Work request: Make an exact copy of the data below, leaving out every picture.
☆ ☆ ☆ ☆ ☆ ☆ ☆
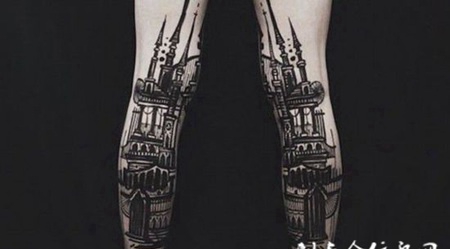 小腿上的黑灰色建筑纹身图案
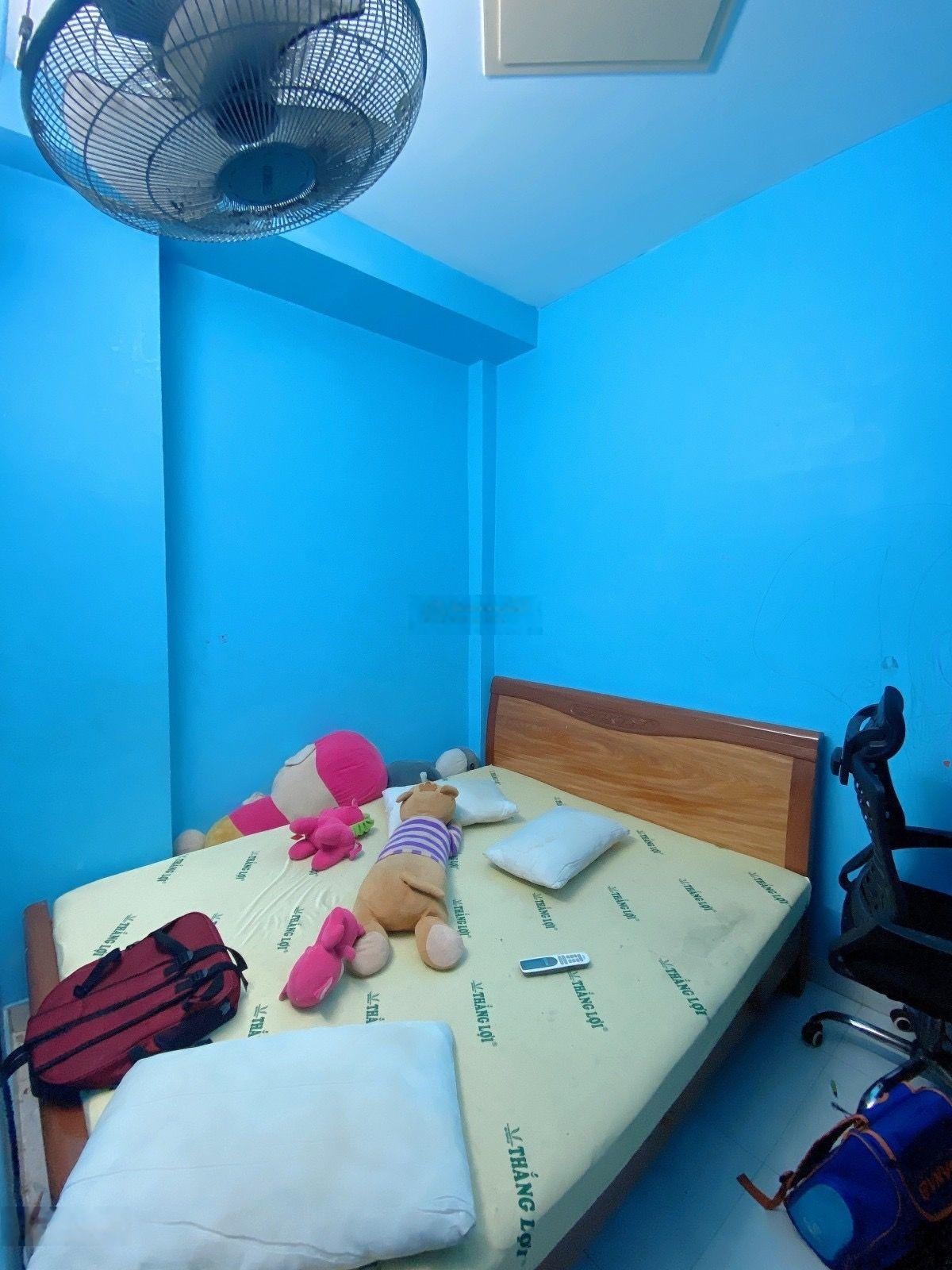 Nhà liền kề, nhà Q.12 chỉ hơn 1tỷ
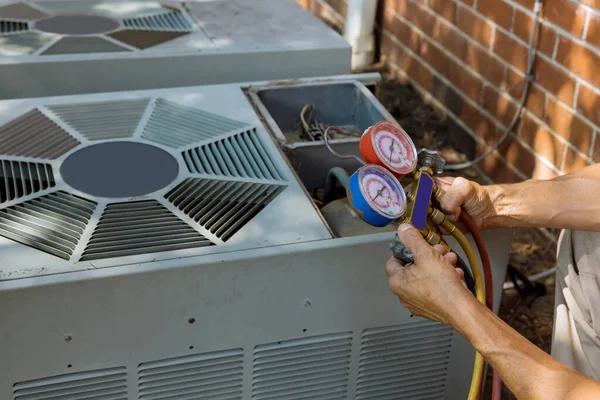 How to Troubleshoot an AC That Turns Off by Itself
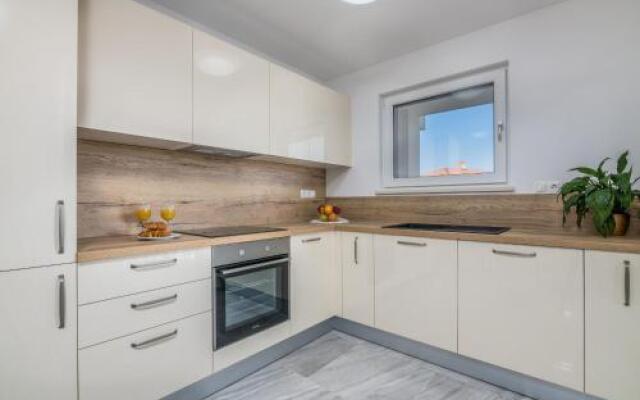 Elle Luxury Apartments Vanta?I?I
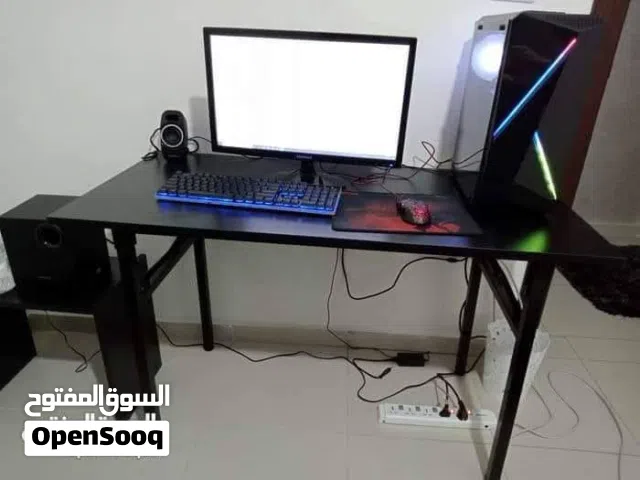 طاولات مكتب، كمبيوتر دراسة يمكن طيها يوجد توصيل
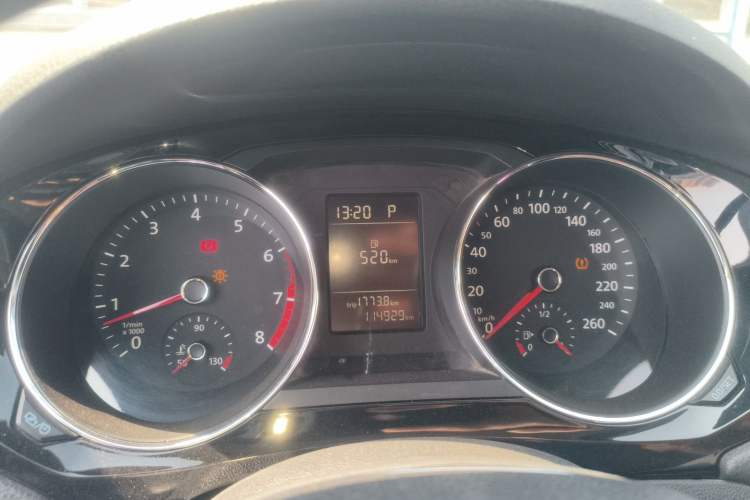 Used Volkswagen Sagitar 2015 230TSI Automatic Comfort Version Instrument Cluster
☆ ☆ ☆ ☆ ☆ ☆ ☆
Completed task:
 小腿上的黑灰色建筑纹身图案
 Nhà liền kề, nhà Q.12 chỉ hơn 1tỷ
 How to Troubleshoot an AC That Turns Off by Itself
 Elle Luxury Apartments Vanta?I?I
 طاولات مكتب، كمبيوتر دراسة يمكن طيها يوجد توصيل
 Used Volkswagen Sagitar 2015 230TSI Automatic Comfort Version Instrument Cluster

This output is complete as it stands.